• [What you have to do]:
When a line below holds the string "Picture", show that line.

== Input data

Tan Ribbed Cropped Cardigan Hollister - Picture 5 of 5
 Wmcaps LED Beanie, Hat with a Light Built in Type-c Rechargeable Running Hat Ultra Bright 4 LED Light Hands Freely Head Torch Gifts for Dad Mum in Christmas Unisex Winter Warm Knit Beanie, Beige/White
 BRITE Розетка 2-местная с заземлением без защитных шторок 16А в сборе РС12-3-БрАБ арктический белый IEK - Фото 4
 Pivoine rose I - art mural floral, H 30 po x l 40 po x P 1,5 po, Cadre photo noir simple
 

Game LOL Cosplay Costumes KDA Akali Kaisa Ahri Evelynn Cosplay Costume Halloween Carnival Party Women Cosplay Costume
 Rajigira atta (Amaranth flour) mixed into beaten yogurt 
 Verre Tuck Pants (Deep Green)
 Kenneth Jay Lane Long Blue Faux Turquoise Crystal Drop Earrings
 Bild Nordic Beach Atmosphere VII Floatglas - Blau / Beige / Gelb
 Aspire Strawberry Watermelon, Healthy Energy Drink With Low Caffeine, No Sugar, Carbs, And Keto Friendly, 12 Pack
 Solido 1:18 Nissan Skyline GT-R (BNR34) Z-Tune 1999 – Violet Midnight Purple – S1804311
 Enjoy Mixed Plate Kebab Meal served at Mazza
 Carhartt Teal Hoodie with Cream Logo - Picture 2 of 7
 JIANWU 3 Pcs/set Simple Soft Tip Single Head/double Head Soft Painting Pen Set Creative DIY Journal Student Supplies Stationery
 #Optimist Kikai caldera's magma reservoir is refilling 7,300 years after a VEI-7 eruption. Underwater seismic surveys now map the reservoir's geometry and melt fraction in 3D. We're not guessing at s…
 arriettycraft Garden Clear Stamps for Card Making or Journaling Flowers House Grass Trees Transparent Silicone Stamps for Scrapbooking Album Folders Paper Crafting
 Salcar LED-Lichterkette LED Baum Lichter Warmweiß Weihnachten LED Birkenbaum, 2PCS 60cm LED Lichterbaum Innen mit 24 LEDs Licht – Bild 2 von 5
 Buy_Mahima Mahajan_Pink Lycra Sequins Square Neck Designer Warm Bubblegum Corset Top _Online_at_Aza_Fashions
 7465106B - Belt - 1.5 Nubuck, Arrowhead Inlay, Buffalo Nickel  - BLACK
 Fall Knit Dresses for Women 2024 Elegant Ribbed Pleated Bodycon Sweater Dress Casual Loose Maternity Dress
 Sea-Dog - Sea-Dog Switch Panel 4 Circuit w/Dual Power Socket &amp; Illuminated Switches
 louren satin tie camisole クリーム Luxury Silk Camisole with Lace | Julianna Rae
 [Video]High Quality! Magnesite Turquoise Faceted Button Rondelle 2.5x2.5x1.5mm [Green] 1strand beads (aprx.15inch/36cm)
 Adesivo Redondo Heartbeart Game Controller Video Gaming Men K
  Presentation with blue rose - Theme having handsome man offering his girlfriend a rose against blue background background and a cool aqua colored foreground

====

• [Exercise output]:
Tan Ribbed Cropped Cardigan Hollister - Picture 5 of 5
 Carhartt Teal Hoodie with Cream Logo - Picture 2 of 7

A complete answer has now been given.